Hashing is fundamental to many algorithms and data structures widely used in practice. For the theoretical analysis of hashing, there have been two main approaches. First, one can assume that the hash function is truly random, mapping each data item independently and uniformly to the range. This idealized model is unrealistic because a truly random hash function requires an exponential number of bits (in the length of a data item) to describe. Alternatively, one can provide rigorous bounds on performance when explicit families of hash functions are used, such as 2-universal or \(O\)(1)-wise independent families. For such families, performance guarantees are often noticeably weaker than for ideal hashing.

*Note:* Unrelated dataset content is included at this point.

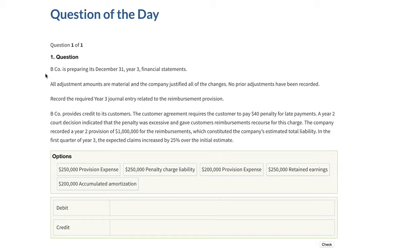B Company is preparing its December 31st year three financial statements. All adjustment amounts are material and the company justified all of the changes. No prior adjustments have been recorded. Record the required year three journal entry related to the reimbursement provision. B Company provides credit to its customers. The customer agreement requires the customer to pay a $40 penalty for late payments. A year two court decision indicated that the penalty was excessive and gave customers reimbursement recourse for this charge. The company recorded a year two provision of a million dollars for the reimbursements, which constituted the company's estimated total liability. In the first quarter of year three, the expected claims increased by 25% over the initial estimate.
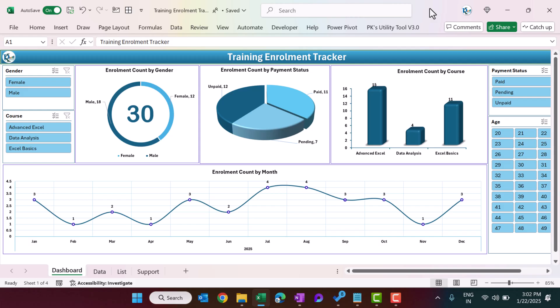Hello friends, welcome back. My name is BK. In this video you will learn how to create a training enrollment tracker in Microsoft Excel. I have created this training enrollment tracker and this is the dashboard page, wherein we are showing the gender, course, and payment status, as well as an age slicer.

In practice, however, it is commonly observed that simple hash functions, including 2-universal hash functions, perform as predicted by the idealized analysis for truly random hash functions. In this paper, we try to explain this phenomenon. We demonstrate that the strong performance of universal hash functions in practice can arise naturally from a combination of the randomness of the hash function and the data. Specifically, following the large body of literature on random sources and randomness extraction, we model the data as coming from a “block source,” whereby each new data item has some “entropy” given the previous ones. As long as the Rényi entropy per data item is sufficiently large, it turns out that the performance when choosing a hash function from a 2-universal family is essentially the same as for a truly random hash function. We describe results for several sample applications, including linear probing, chained hashing, balanced allocations, and Bloom filters.
Towards developing our results, we prove tight bounds for hashing block sources, determining the entropy required per block for the distribution of hashed values to be close to uniformly distributed.